Description
This is a Financial Chunk Mapper, which will retrieve, given a normalized Company Name (using, for example, finer_nasdaq_data
to obtain the official Nasdaq company name), extra information about the company, including:
- Ticker
- Stock Exchange
- Section
- Sic codes
- Section
- Industry
- Category
- Currency
- Location
- Previous names (first_name)
- Company type (INC, CORP, etc)
- and some more.
Predicted Entities
How to use
document_assembler = nlp.DocumentAssembler()\
.setInputCol('text')\
.setOutputCol('document')
tokenizer = nlp.Tokenizer()\
.setInputCols("document")\
.setOutputCol("token")
embeddings = nlp.BertEmbeddings.pretrained("bert_embeddings_sec_bert_base","en") \
.setInputCols(["document", "token"]) \
.setOutputCol("embeddings")
ner_model = finance.NerModel.pretrained("finner_ticker", "en", "finance/models")\
.setInputCols(["document", "token", "embeddings"])\
.setOutputCol("ner")
ner_converter = nlp.NerConverterInternal()\
.setInputCols(["document", "token", "ner"])\
.setOutputCol("ner_chunk")
CM = finance.ChunkMapperModel.pretrained('finmapper_nasdaq_data_ticker', 'en', 'finance/models')\
.setInputCols(["ner_chunk"])\
.setOutputCol("mappings")\
.setRel('company_name')
pipeline = Pipeline().setStages([document_assembler,
tokenizer,
embeddings,
ner_model,
ner_converter,
CM])
text = ["""There are some serious purchases and sales of GLE1 stock today."""]

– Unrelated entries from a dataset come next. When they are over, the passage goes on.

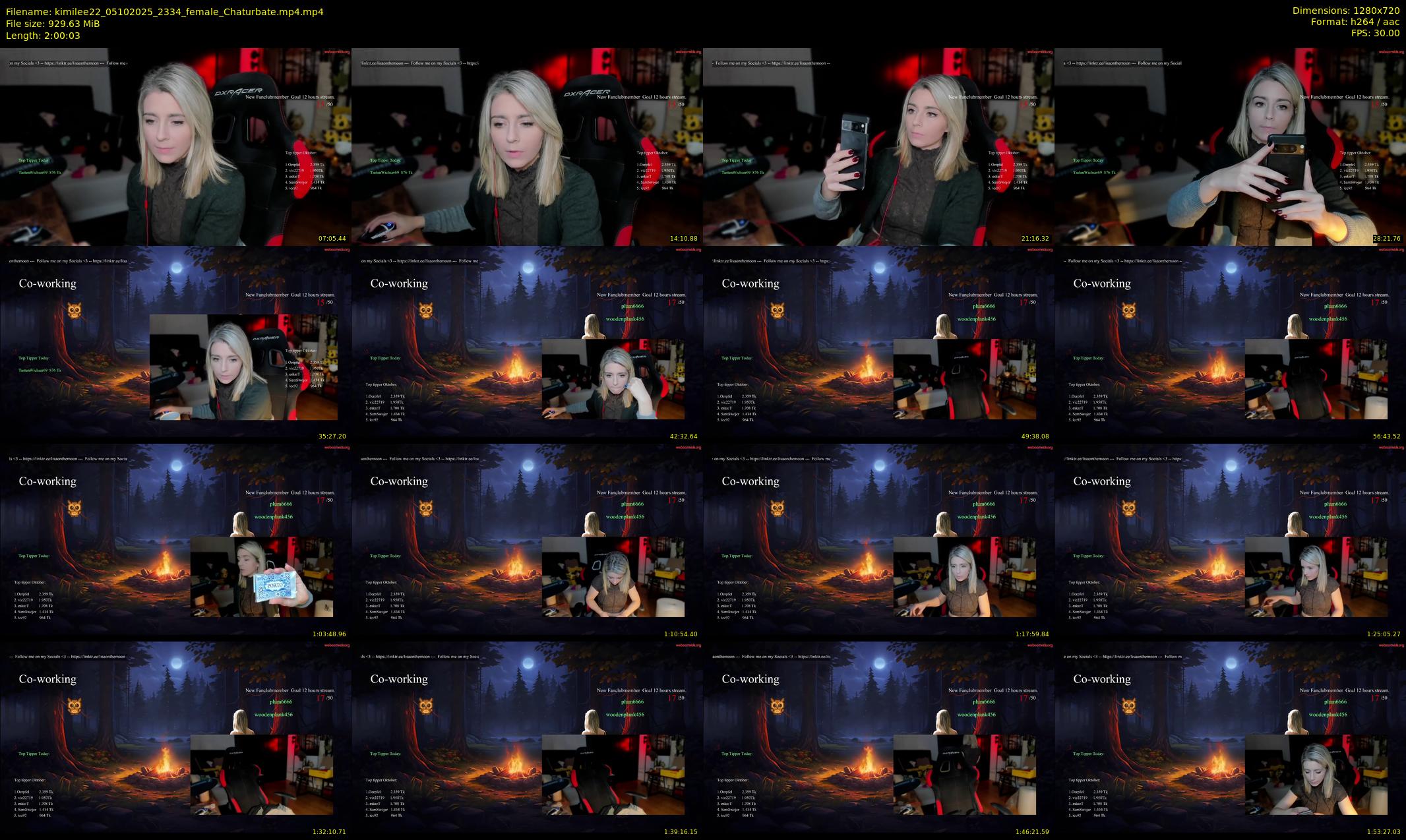 kimilee22 — 121 minute Chaturbate female cam show recording, 720p, Oct 5, 2025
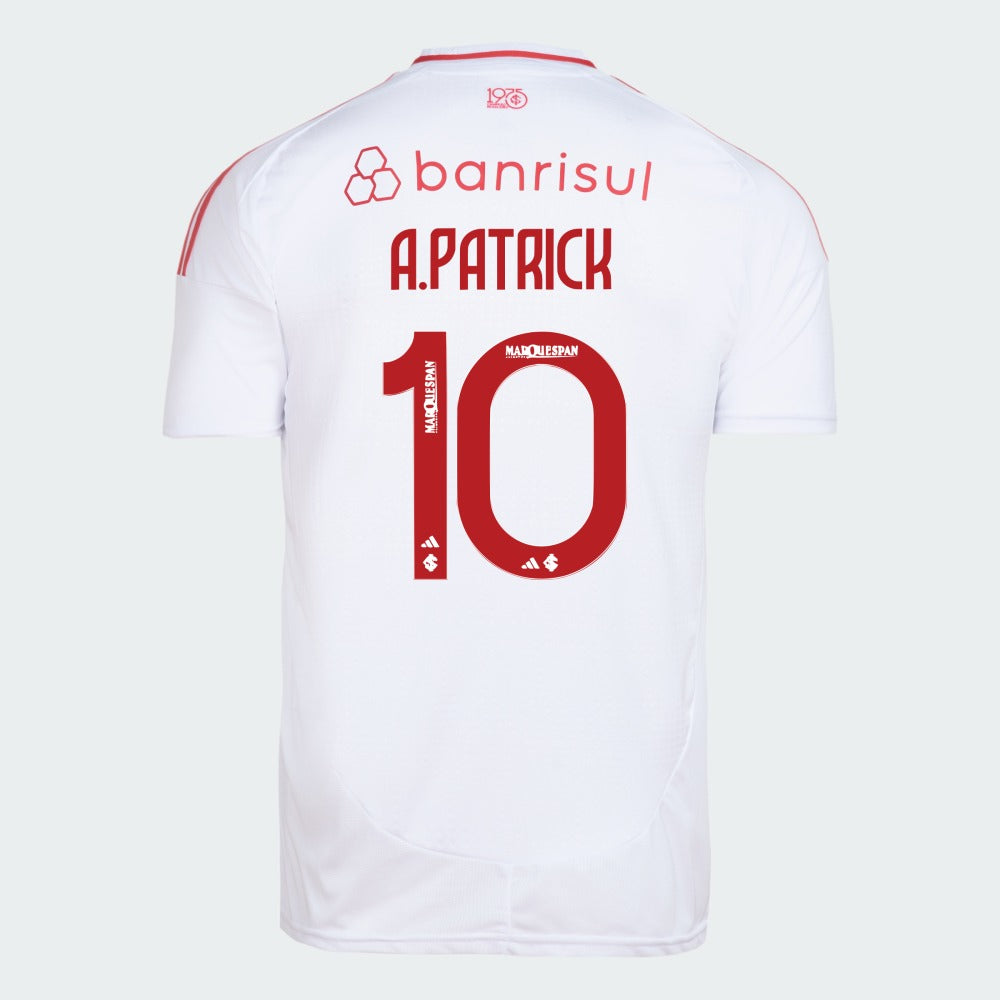 Camisa  Internacional 2025/26 II A. PATRICK N° 10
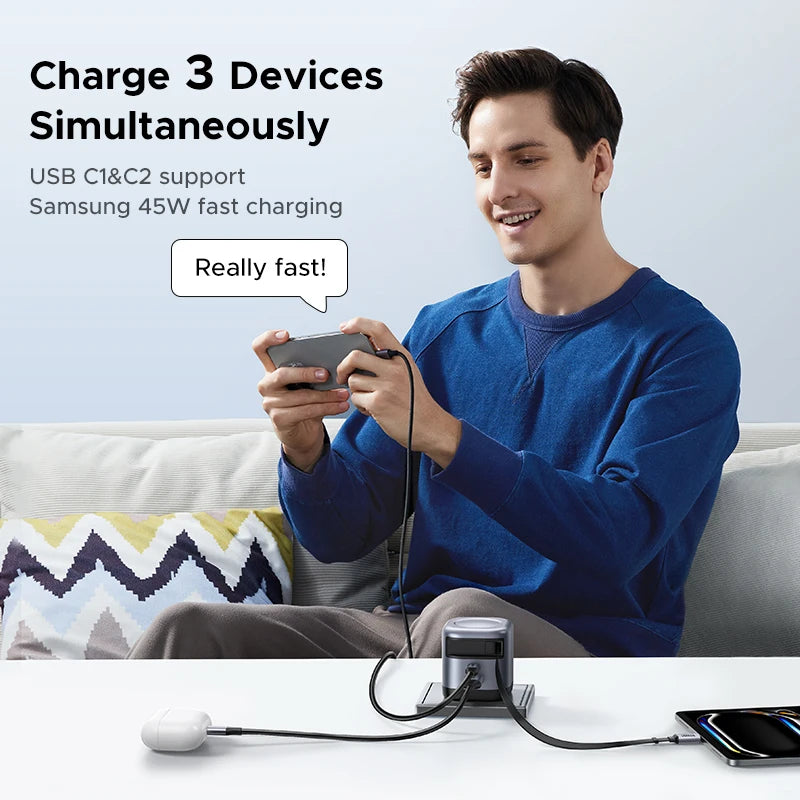 UGREEN PD 3.0 USB-C Retractable Charger – iPhone & MacBook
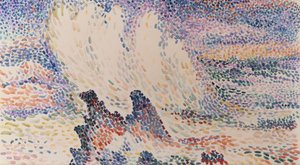 Study of Waves (akvarel på papir) af Hippolyte Petitjean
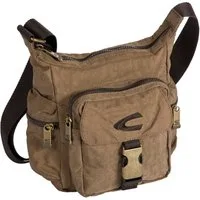 camel active Umhängetasche Journey, Herren Schultertaschuhe, Freizeittasche mit Logostickerei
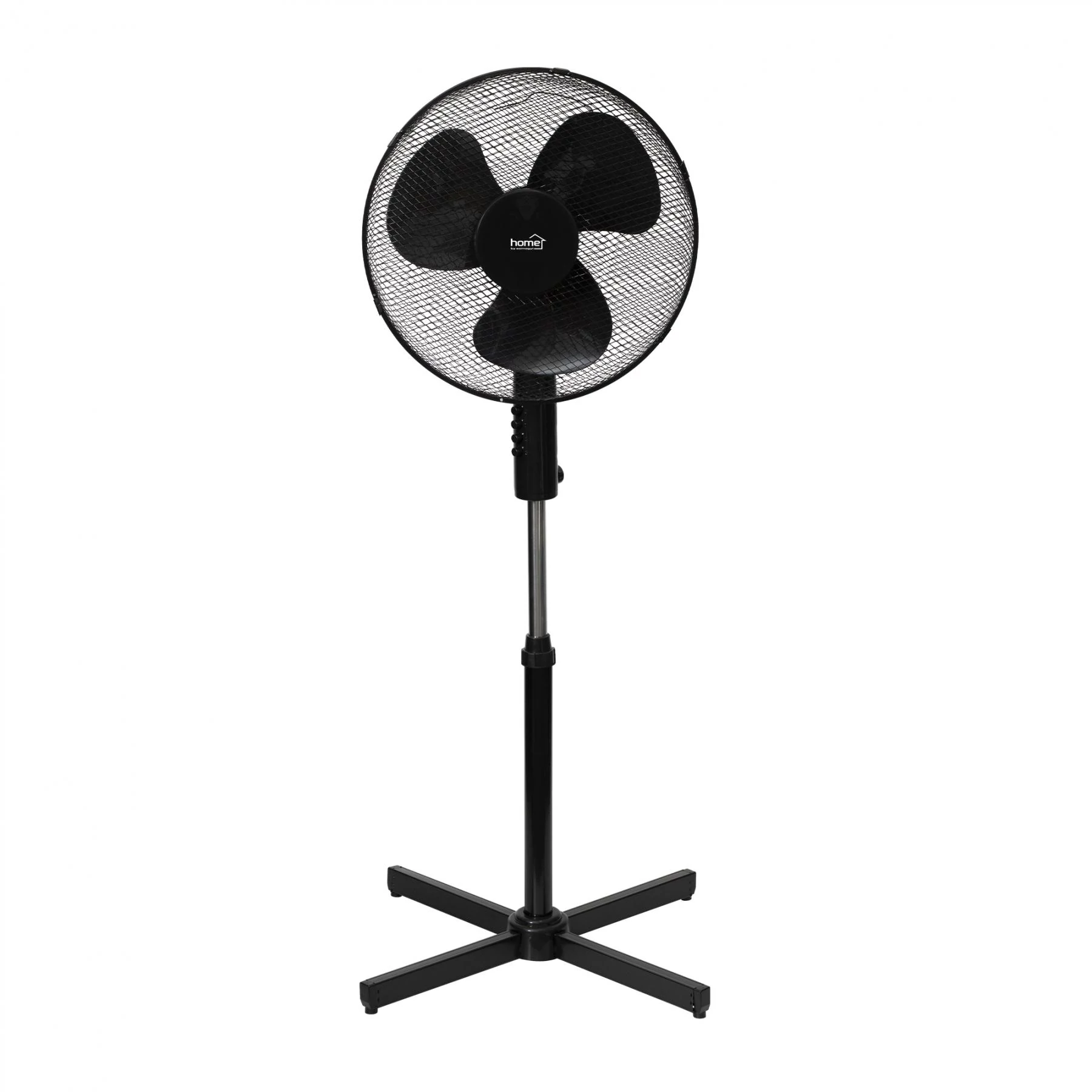 HOME Álló ventilátor, 40cm, 45 W, fekete (SF 43 BK)[SG]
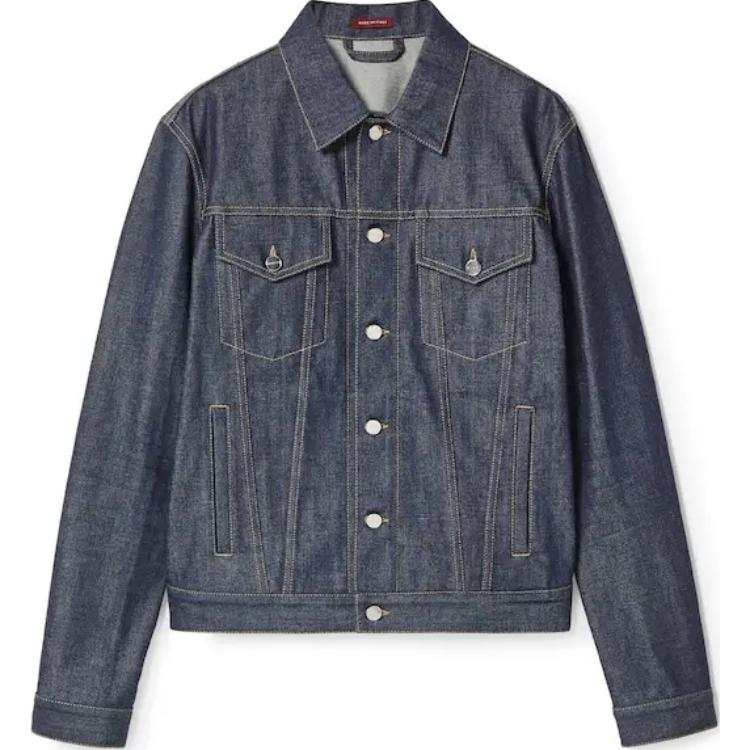 GUCCI SS24 Denim Jacket Men's Blue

test_data = spark.createDataFrame([text]).toDF("text")
model = pipeline.fit(test_data)
res= model.transform(test_data).select('mappings').collect()
Results
[Row(mappings=[Row(annotatorType='labeled_dependency', begin=46, end=49, result='AMZN', metadata={'sentence': '0', 'chunk': '0', 'entity': 'AMZN', 'relation': 'ticker', 'all_relations': ''}, embeddings=[]), Row(annotatorType='labeled_dependency', begin=46, end=49, result='Amazon.com Inc.', metadata={'sentence': '0', 'chunk': '0', 'entity': 'AMZN', 'relation': 'company_name', 'all_relations': ''}, embeddings=[]), Row(annotatorType='labeled_dependency', begin=46, end=49, result='Amazon.com', metadata={'sentence': '0', 'chunk': '0', 'entity': 'AMZN', 'relation': 'short_name', 'all_relations': ''}, embeddings=[]), Row(annotatorType='labeled_dependency', begin=46, end=49, result='Retail - Apparel & Specialty', metadata={'sentence': '0', 'chunk': '0', 'entity': 'AMZN', 'relation': 'industry', 'all_relations': ''}, embeddings=[]), Row(annotatorType='labeled_dependency', begin=46, end=49, result='Consumer Cyclical', metadata={'sentence': '0', 'chunk': '0', 'entity': 'AMZN', 'relation': 'sector', 'all_relations': ''}, embeddings=[]), Row(annotatorType='labeled_dependency', begin=57, end=61, result='NONE', metadata={'sentence': '0', 'chunk': '1', 'entity': 'today'}, embeddings=[])])]
Model Information
Model Name: | finmapper_nasdaq_data_ticker |
Compatibility: | Finance NLP 1.0.0+ |
License: | Licensed |
Edition: | Official |
Input Labels: | [ner_chunk] |
Output Labels: | [mappings] |
Language: | en |
Size: | 1.0 MB |
References
NASDAQ Database